■ **What you will do**
Please restate, exactly as written, the lines running from the beginning of the material through the line that has "Nike Tiempo Football - Orange" in it.

■ **Supplied records**
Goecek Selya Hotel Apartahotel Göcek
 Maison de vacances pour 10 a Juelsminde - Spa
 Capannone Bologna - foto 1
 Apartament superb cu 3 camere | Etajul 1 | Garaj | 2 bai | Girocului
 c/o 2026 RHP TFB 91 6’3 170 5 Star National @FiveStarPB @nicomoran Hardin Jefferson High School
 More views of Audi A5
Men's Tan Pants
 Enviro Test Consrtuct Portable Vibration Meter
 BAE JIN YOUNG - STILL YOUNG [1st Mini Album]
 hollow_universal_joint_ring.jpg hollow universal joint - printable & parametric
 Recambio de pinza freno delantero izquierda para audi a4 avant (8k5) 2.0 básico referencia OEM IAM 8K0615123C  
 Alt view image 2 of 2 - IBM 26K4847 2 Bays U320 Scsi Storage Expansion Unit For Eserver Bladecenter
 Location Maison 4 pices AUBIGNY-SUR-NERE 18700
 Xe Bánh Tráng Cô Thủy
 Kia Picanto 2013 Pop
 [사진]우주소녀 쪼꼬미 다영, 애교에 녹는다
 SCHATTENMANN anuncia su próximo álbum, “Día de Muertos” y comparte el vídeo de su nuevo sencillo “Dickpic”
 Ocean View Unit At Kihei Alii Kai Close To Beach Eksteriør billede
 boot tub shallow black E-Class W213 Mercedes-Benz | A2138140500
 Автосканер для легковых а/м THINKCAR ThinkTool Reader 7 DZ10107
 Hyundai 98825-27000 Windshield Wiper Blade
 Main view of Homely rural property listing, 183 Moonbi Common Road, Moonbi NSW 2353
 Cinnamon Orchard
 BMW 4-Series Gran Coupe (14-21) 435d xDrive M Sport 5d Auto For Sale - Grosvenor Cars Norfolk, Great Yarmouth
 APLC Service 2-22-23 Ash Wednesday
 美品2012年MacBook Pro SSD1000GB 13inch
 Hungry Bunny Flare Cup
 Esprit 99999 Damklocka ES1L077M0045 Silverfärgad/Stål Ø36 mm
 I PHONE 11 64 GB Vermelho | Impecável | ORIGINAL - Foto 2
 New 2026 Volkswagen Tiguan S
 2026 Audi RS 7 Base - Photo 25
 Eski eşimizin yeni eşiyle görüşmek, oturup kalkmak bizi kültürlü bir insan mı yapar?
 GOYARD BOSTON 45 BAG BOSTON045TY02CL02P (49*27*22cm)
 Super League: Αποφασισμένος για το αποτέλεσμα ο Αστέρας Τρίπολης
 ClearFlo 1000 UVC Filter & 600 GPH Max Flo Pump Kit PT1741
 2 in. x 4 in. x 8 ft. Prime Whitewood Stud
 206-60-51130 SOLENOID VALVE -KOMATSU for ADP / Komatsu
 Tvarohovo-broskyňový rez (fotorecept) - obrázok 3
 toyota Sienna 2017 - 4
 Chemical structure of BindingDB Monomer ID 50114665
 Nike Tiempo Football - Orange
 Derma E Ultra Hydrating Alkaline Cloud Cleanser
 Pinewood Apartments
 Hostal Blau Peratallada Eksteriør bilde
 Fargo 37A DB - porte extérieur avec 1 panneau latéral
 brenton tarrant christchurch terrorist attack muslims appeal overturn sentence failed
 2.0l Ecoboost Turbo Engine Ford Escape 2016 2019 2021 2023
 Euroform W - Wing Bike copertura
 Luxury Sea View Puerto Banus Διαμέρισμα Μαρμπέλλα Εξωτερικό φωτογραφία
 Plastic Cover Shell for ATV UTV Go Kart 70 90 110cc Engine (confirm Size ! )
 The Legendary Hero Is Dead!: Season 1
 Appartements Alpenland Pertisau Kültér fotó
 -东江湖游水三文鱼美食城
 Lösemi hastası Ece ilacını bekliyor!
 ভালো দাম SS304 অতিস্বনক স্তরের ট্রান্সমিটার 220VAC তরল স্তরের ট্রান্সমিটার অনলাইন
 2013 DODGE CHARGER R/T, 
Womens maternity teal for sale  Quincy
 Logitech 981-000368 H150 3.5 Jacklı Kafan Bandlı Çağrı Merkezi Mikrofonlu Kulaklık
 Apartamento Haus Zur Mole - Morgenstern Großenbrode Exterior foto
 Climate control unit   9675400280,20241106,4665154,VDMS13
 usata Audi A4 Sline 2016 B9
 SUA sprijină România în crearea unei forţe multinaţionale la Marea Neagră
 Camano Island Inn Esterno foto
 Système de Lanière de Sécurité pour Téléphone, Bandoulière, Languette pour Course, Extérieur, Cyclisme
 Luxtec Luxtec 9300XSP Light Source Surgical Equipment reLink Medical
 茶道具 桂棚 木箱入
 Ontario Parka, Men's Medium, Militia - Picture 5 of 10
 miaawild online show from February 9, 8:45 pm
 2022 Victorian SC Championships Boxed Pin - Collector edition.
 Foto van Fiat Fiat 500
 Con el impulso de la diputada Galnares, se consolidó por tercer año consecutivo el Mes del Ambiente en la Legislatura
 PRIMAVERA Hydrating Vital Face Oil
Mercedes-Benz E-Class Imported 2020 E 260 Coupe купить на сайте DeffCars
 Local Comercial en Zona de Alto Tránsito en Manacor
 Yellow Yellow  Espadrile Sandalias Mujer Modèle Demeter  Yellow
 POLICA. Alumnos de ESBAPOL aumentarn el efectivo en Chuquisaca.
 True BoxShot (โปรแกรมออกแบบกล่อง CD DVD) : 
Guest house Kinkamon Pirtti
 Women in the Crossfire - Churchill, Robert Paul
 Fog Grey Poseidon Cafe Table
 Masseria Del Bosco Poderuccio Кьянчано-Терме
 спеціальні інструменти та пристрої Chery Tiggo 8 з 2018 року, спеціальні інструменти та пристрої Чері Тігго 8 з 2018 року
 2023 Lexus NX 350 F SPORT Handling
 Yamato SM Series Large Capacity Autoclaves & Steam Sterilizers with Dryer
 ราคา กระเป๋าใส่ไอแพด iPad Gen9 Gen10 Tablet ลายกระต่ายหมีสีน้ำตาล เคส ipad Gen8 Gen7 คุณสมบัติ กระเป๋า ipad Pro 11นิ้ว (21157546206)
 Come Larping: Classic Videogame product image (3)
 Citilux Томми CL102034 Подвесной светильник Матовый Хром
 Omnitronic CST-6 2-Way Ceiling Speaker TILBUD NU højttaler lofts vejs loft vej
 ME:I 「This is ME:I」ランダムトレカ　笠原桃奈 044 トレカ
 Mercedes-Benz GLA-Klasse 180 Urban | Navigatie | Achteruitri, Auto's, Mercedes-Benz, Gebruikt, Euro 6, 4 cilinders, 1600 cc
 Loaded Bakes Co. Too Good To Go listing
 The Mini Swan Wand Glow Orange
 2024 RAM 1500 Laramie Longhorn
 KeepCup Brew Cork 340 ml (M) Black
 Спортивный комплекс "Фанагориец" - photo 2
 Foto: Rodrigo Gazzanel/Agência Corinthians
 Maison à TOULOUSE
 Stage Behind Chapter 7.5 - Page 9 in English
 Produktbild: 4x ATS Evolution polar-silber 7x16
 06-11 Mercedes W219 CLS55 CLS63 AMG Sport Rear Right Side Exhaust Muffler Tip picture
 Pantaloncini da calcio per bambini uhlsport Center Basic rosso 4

■ **Task solution**
Goecek Selya Hotel Apartahotel Göcek
 Maison de vacances pour 10 a Juelsminde - Spa
 Capannone Bologna - foto 1
 Apartament superb cu 3 camere | Etajul 1 | Garaj | 2 bai | Girocului
 c/o 2026 RHP TFB 91 6’3 170 5 Star National @FiveStarPB @nicomoran Hardin Jefferson High School
 More views of Audi A5
Men's Tan Pants
 Enviro Test Consrtuct Portable Vibration Meter
 BAE JIN YOUNG - STILL YOUNG [1st Mini Album]
 hollow_universal_joint_ring.jpg hollow universal joint - printable & parametric
 Recambio de pinza freno delantero izquierda para audi a4 avant (8k5) 2.0 básico referencia OEM IAM 8K0615123C  
 Alt view image 2 of 2 - IBM 26K4847 2 Bays U320 Scsi Storage Expansion Unit For Eserver Bladecenter
 Location Maison 4 pices AUBIGNY-SUR-NERE 18700
 Xe Bánh Tráng Cô Thủy
 Kia Picanto 2013 Pop
 [사진]우주소녀 쪼꼬미 다영, 애교에 녹는다
 SCHATTENMANN anuncia su próximo álbum, “Día de Muertos” y comparte el vídeo de su nuevo sencillo “Dickpic”
 Ocean View Unit At Kihei Alii Kai Close To Beach Eksteriør billede
 boot tub shallow black E-Class W213 Mercedes-Benz | A2138140500
 Автосканер для легковых а/м THINKCAR ThinkTool Reader 7 DZ10107
 Hyundai 98825-27000 Windshield Wiper Blade
 Main view of Homely rural property listing, 183 Moonbi Common Road, Moonbi NSW 2353
 Cinnamon Orchard
 BMW 4-Series Gran Coupe (14-21) 435d xDrive M Sport 5d Auto For Sale - Grosvenor Cars Norfolk, Great Yarmouth
 APLC Service 2-22-23 Ash Wednesday
 美品2012年MacBook Pro SSD1000GB 13inch
 Hungry Bunny Flare Cup
 Esprit 99999 Damklocka ES1L077M0045 Silverfärgad/Stål Ø36 mm
 I PHONE 11 64 GB Vermelho | Impecável | ORIGINAL - Foto 2
 New 2026 Volkswagen Tiguan S
 2026 Audi RS 7 Base - Photo 25
 Eski eşimizin yeni eşiyle görüşmek, oturup kalkmak bizi kültürlü bir insan mı yapar?
 GOYARD BOSTON 45 BAG BOSTON045TY02CL02P (49*27*22cm)
 Super League: Αποφασισμένος για το αποτέλεσμα ο Αστέρας Τρίπολης
 ClearFlo 1000 UVC Filter & 600 GPH Max Flo Pump Kit PT1741
 2 in. x 4 in. x 8 ft. Prime Whitewood Stud
 206-60-51130 SOLENOID VALVE -KOMATSU for ADP / Komatsu
 Tvarohovo-broskyňový rez (fotorecept) - obrázok 3
 toyota Sienna 2017 - 4
 Chemical structure of BindingDB Monomer ID 50114665
 Nike Tiempo Football - Orange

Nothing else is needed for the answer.